Back to Seminar Schedule

Tuesday, Nov 02, 2021

Time: 12:00 - 01:00 PM ET
Recording of this Online Seminar on Youtube

Jeremy Cohen -- Gradient Descent on Neural Networks Typically Occurs at the Edge of Stability

Relevant Paper(s):

Abstract: Neural networks are trained using optimization algorithms. While we sometimes understand how these algorithms behave in restricted settings (e.g. on quadratic or convex functions), very little is known about the dynamics of these optimization algorithms on real neural objective functions. In this paper, we take a close look at the simplest optimization algorithm - full-batch gradient descent with a fixed step size- and find that its behavior on neural networks is both (1) surprisingly consistent across different architectures and tasks, and (2) surprisingly different from that envisioned in the "conventional wisdom." In particular, we empirically demonstrate that during gradient descent training of neural networks, the maximum Hessian eigenvalue (the "sharpness") always rises all the way to the largest stable value, which is 2/(step size), and then hovers just above that numerical value for the remainder of training, in a regime we term the "Edge of Stability." (Click here for 1m 17s animation.) At the Edge of Stability, the sharpness is still "trying" to increase further - and that's what happens if you drop the step size - but is somehow being actively restrained from doing so, by the implicit dynamics of the optimization algorithm.
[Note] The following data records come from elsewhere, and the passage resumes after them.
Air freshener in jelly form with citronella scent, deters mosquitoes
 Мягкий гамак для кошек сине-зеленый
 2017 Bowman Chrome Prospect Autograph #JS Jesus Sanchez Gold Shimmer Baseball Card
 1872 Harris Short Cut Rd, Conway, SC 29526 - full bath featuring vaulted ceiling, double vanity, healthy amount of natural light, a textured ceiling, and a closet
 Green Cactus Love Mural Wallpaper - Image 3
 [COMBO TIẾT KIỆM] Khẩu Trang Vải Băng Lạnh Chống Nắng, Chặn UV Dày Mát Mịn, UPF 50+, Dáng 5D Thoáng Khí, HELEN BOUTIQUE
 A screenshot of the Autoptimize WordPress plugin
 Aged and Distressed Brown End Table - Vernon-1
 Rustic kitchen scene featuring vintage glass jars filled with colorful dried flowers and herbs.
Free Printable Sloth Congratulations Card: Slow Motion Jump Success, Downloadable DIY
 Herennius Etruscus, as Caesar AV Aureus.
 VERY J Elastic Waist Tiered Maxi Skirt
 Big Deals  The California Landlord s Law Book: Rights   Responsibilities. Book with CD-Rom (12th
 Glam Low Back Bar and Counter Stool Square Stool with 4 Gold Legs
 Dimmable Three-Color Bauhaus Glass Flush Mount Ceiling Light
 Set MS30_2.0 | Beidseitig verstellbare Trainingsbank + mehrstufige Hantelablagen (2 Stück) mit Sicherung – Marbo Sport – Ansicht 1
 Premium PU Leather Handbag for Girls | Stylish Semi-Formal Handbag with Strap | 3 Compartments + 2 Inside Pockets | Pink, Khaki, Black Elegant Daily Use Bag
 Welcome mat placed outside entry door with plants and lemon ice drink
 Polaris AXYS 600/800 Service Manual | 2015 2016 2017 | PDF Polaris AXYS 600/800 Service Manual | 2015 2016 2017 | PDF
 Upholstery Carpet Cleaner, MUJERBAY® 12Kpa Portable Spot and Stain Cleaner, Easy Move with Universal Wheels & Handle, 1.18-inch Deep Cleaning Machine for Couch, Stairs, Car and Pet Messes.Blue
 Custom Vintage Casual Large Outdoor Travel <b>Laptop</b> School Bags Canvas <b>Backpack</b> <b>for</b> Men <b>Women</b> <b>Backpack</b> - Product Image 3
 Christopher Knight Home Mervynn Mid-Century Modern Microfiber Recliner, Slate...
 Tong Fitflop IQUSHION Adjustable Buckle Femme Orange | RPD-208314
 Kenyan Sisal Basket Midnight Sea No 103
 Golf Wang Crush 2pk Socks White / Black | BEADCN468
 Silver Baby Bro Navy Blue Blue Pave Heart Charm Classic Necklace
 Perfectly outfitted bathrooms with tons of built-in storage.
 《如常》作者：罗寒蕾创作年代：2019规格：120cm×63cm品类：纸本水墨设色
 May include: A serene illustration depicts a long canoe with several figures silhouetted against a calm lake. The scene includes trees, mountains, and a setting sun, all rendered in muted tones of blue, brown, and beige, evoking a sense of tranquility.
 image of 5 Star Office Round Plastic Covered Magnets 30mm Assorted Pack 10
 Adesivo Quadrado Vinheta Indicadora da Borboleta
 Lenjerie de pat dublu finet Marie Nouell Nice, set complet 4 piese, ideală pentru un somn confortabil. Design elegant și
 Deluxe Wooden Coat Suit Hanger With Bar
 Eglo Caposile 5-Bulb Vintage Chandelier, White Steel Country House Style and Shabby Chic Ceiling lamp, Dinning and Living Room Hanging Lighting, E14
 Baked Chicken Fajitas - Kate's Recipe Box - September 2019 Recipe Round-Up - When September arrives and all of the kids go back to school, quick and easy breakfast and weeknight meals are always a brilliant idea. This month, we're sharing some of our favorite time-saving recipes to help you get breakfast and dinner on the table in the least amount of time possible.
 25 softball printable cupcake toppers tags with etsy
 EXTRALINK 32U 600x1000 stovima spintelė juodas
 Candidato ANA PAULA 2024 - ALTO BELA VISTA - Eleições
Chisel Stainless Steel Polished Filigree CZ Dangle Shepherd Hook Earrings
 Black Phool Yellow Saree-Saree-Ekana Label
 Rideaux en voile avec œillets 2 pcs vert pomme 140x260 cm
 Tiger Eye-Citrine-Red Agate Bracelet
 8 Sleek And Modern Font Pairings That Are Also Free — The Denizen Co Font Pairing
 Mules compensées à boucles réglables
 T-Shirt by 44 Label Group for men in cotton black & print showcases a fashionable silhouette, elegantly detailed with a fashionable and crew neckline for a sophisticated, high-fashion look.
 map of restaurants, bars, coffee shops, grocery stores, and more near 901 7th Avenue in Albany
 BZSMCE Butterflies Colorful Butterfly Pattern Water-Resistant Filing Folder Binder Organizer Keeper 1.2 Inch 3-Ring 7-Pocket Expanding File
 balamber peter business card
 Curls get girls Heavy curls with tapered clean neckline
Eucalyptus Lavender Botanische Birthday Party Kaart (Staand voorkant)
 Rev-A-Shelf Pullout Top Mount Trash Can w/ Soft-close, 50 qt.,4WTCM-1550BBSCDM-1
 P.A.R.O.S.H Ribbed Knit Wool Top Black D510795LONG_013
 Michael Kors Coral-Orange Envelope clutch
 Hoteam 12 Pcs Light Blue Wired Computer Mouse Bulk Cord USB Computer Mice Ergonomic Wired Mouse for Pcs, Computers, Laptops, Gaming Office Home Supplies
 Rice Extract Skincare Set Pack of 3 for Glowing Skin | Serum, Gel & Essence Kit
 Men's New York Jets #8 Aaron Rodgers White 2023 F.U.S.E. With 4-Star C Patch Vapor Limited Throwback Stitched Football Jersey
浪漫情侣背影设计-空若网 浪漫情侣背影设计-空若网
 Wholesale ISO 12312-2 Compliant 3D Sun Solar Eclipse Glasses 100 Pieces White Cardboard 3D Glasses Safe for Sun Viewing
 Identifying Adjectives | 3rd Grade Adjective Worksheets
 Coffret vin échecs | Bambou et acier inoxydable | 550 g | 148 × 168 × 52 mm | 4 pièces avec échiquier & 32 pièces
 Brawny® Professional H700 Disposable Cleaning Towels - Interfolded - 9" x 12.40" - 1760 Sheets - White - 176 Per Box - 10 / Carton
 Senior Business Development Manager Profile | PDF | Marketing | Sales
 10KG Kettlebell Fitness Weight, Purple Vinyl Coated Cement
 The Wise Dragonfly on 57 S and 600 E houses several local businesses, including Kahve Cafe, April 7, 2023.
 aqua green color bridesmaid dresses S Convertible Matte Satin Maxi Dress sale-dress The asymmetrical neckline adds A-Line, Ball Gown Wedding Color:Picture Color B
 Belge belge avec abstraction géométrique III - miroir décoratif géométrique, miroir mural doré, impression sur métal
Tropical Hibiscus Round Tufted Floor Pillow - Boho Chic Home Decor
Our findings have several implications for the theory of neural network optimization. First, whereas the conventional wisdom in optimization says that the sharpness ought to determine the step size, our paper shows that in the topsy-turvy world of deep learning, the reality is precisely the opposite: the step size wholly determines the sharpness. Second, our findings imply that convergence analyses based on L-smoothness, or on ensuring monotone descent, do not apply to neural network training.